È come se i giallorossi fossero ancora all’inizio di agosto, a metà precampionato, alla ricerca di un’identità e una conoscenza reciproca (sono arrivati dodici giocatori nuovi) che continua a essere tutto un quiz. La conseguenza è una squadra lenta, compassata, confusa, piatta, mai in grado di accendere la fantasia della sua gente, tanto meno di offrire un orizzonte capace di garantire un sogno. Conseguenza pure di un mercato schizofrenico, ritardato, e dove non si è riusciti a mettere una pezza a carenze strutturali (gli esterni, in particolare sulla corsia destra) e numeriche (in attacco la Roma ha gli uomini contati). Juric ce lo ha detto in tutte le maniere che c’è da lavorare. Del resto è un concetto che vale pure per il Manchester City di Pep Guardiola, ma l’obiettivo deve essere quello di fare il più in fretta possibile. Siamo ormai ad ottobre e le squadre che sono avanti, dirette concorrenti per la qualificazione alla Champions, obiettivo dichiarato dalla società a inizio stagione, non continueranno ad aspettare una Roma che ha bisogno di concludere velocemente la sua convalescenza, conseguenza di un inizio di stagione oltre i confini di una crisi di nervi.

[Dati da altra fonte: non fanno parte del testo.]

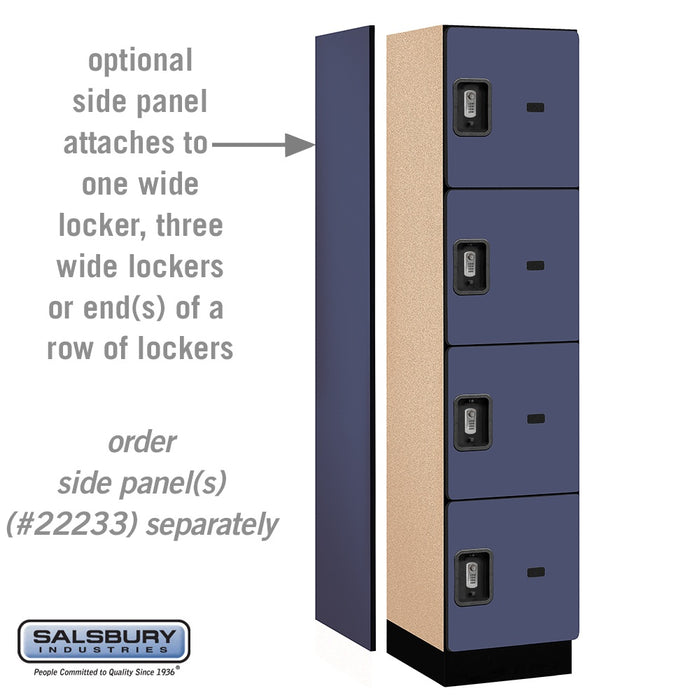 Salsbury 18" Wide Four Tier Designer Wood Locker - 1 Wide - 6 Feet High - 18 Inches Deep - Blue - Silver Resettable Combination Locks - Sweatfully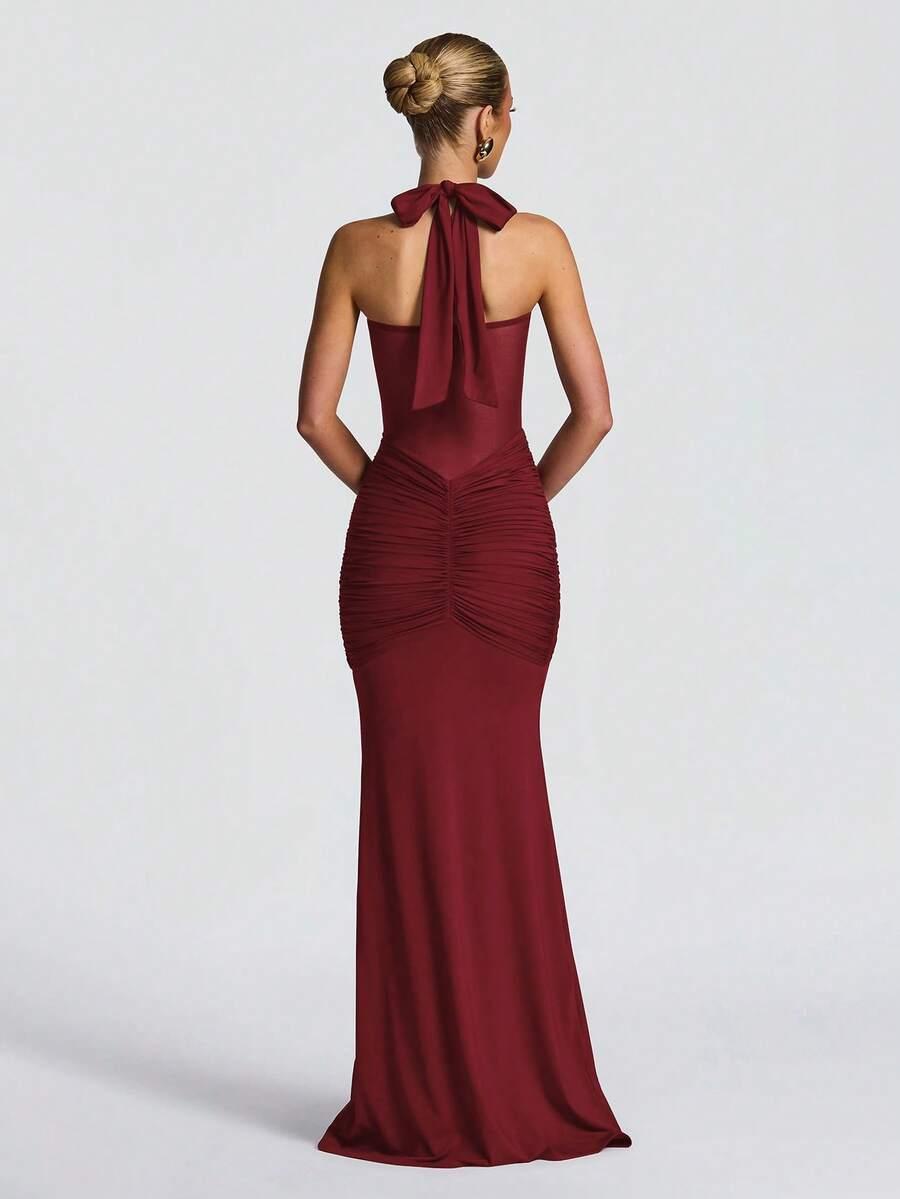 burgundowa maxi sukienka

L’interim, insomma, deve trovare una soluzione in tempi veloci. Così come, per passare al secondo interim in questione, quello societario. Dove all’assenza della proprietà che dopo il clamoroso esonero di Daniele De Rossi ha scelto di salutare per dedicarsi all’acquisto dell’Everton, si è aggiunta quella dimissionata del Ceo, la dottoressa Lina Souloukou, vuoto che è andato ad aggiungersi all’assenza di un direttore generale, un direttore tecnico, un direttore commerciale, un settore scouting, la fotografia di una società che è stata svuotata nei ruoli e nelle competenze. C’è bisogno che anche da questo punto di vista a Trigoria si faccia in fretta a colmare almeno in parte queste lacune.